▶ [Data to use]
######

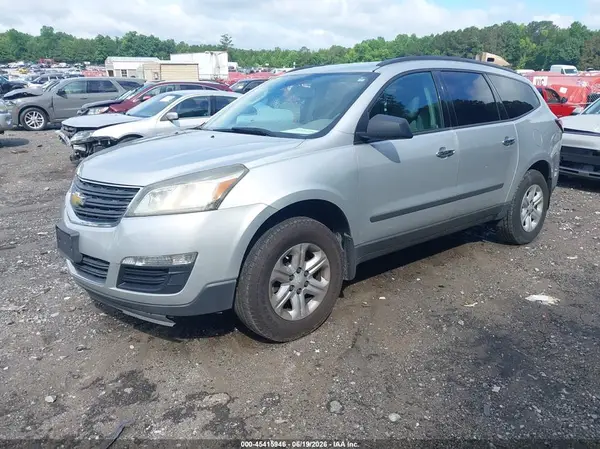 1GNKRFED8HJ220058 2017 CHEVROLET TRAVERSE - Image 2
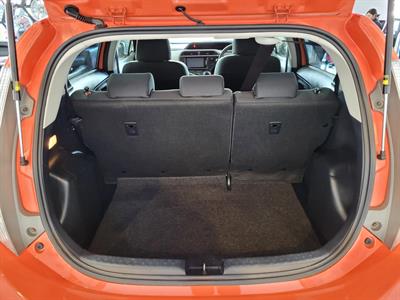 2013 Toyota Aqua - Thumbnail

######

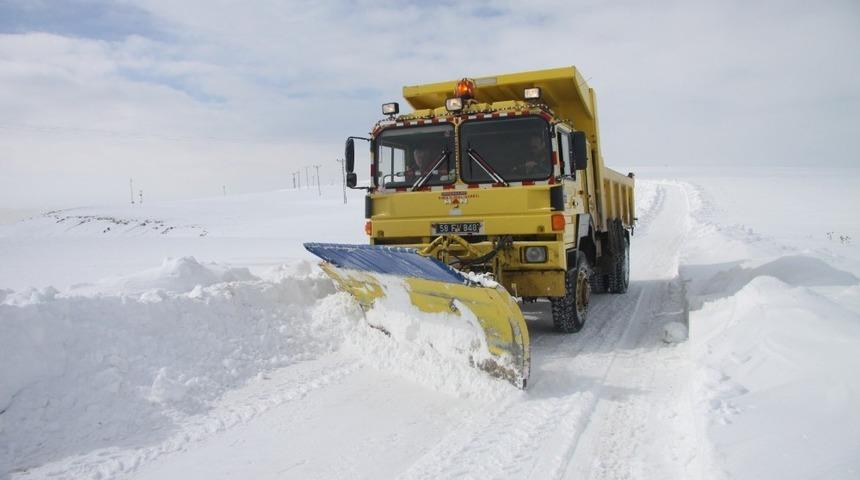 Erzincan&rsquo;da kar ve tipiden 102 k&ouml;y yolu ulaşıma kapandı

######

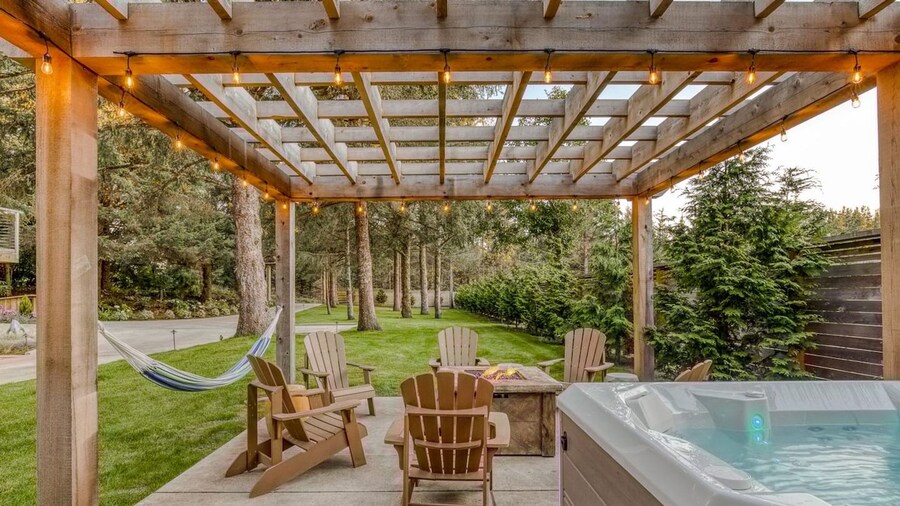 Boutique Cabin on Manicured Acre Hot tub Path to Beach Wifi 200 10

######

▶ [Work required] In the listing above, find the line with "1GNKRFED8HJ220058 2017 CHEVROLET" and output every line through the one with "2013 Toyota Aqua - Thumbnail", exactly, without the pictures.

▶ [Completed task]
 1GNKRFED8HJ220058 2017 CHEVROLET TRAVERSE - Image 2
 2013 Toyota Aqua - Thumbnail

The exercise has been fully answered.